WHAT TO DO
Only the pictures are to be left out, and the rest of the entries should be reproduced exactly.

SUPPLIED MATERIAL

* * * *

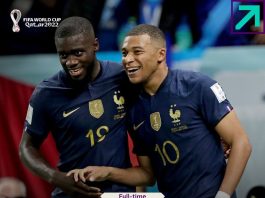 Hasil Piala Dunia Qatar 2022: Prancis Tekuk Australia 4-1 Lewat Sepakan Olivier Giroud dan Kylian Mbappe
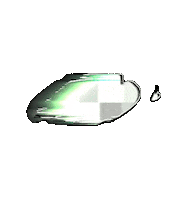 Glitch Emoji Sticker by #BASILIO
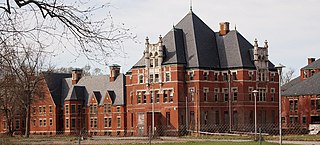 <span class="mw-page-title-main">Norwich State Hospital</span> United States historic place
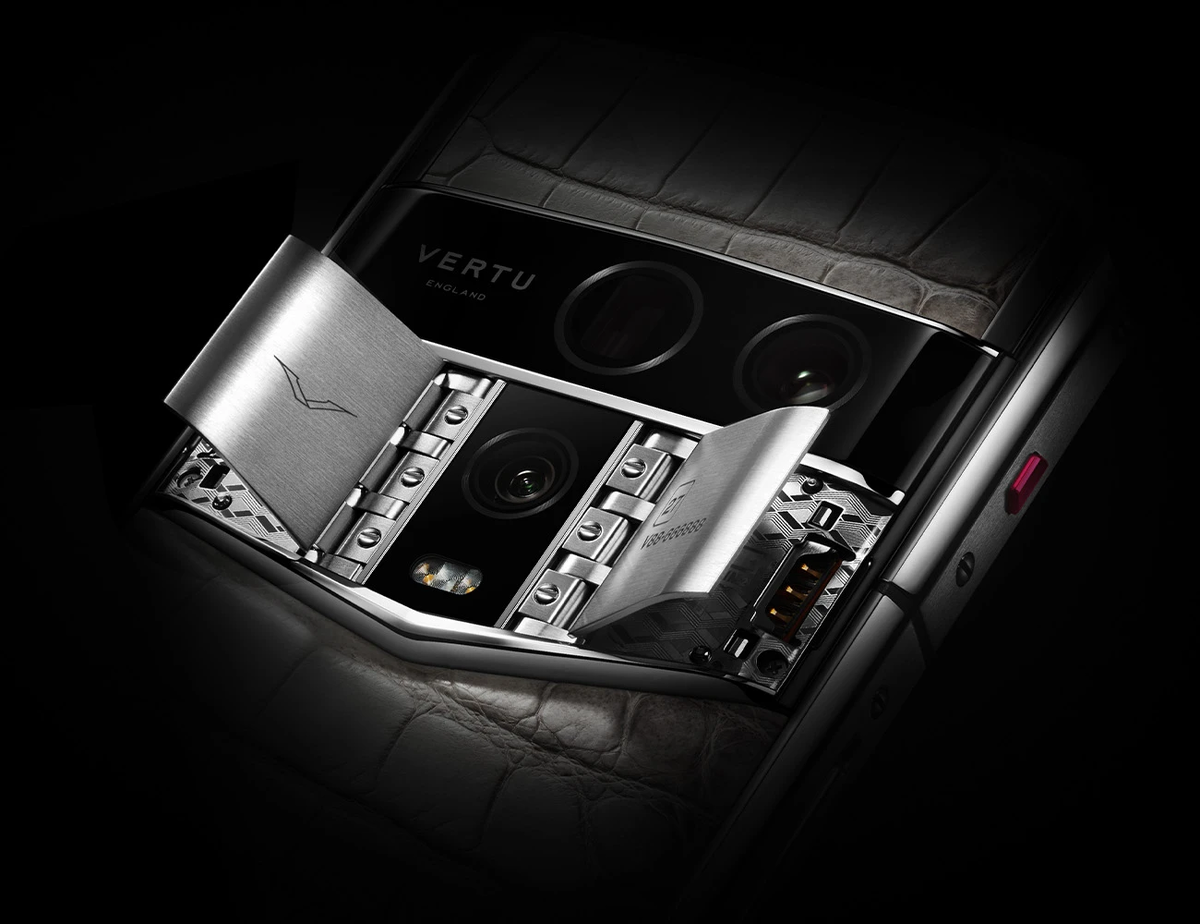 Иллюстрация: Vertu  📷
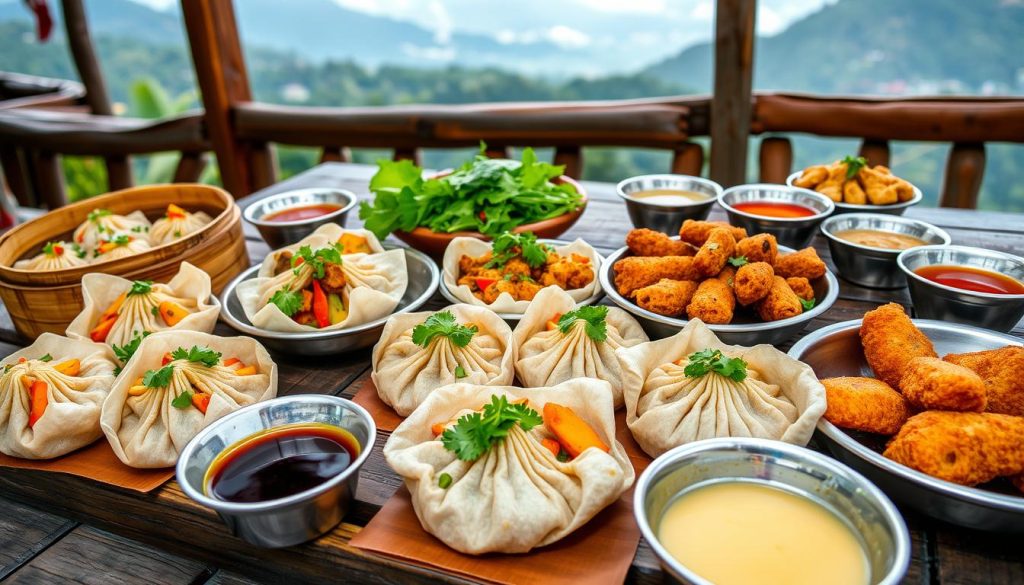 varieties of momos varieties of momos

* * * *

RESPONSE
 Hasil Piala Dunia Qatar 2022: Prancis Tekuk Australia 4-1 Lewat Sepakan Olivier Giroud dan Kylian Mbappe
 Glitch Emoji Sticker by #BASILIO
 <span class="mw-page-title-main">Norwich State Hospital</span> United States historic place
 Иллюстрация: Vertu  📷
 varieties of momos varieties of momos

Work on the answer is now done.